Software service implementation for the CCC?

We can model the customer's use of the CCC as being provided by a set of distinct user-facing services: seeking available cars; making a reservation; accessing the chosen car. However, all, or most, of these will need to be provided by a ‘bespoke’ service provider since they are specific to the needs of the CCC. Of course it is also possible that this specialist service provision may be based within the CCC system. There is no reason why ‘local’ and ‘general’ services should not be used together as long as they conform to the same service model. (Making a reservation is more likely to be available as a general service.)

The backend functionality may well be able to use a number of services that are sufficiently widely used that it is likely that they can be provided by multiple service providers. This may include such tasks as identifying where the cars are in the streets (GPS locations), as well as for accounting and billing functions, with security clearly being important for the latter.

16.4Empirical knowledge about modular design

The diversity and emerging nature of the technologies covered in this chapter pose something of a challenge for empirical studies.

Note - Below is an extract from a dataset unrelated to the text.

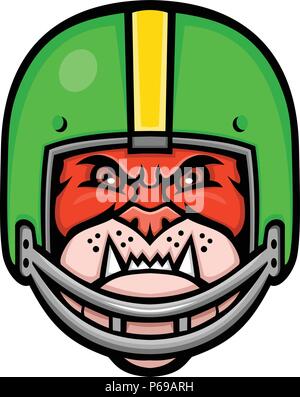 Sport Maskottchen Symbol Abbildung: Leiter einer Bulldogge, das Tragen eines American Football oder bratrost Helm von vorne auf dem isolierten Hintergrund betrachtet in retro Stock Vektor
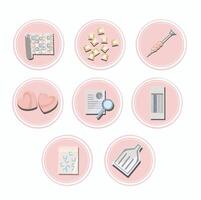 Icons of tools and elements for crafting vector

We have already identified the systematic mapping study by Vale et al. (2016) as looking at research activities in CBSE. At time of writing, there is no obvious equivalent study addressing the use of software service technologies.

Key take-home points about designing with components and services

If we view components and software services as being evolutionary stages in modular design of software, we can identify the following lessons about their use.

• Design models. Modular design can make use of many of the modelling forms already developed for object-oriented development, possibly augmented by forms such as DFDs where the ‘flow’ nature of service models require such a form.

• Design by composition. The emphasis placed upon reuse means that the main design activity is centred upon composition of pre-existing elements. This in turn changes many of the supporting activities, which now involve such tasks as finding modules, negotiating terms of use, and addressing the question of interfacing between modules from different sources.

• Business models. One reason for using modular forms is to be able to rapidly assemble software to meet business needs, particularly where these may involve applying application-specific ‘rules’ to the way that fairly standard tasks are performed. So business modelling explicitly plays a much more important role in the use of these technologies than may be the case for other forms.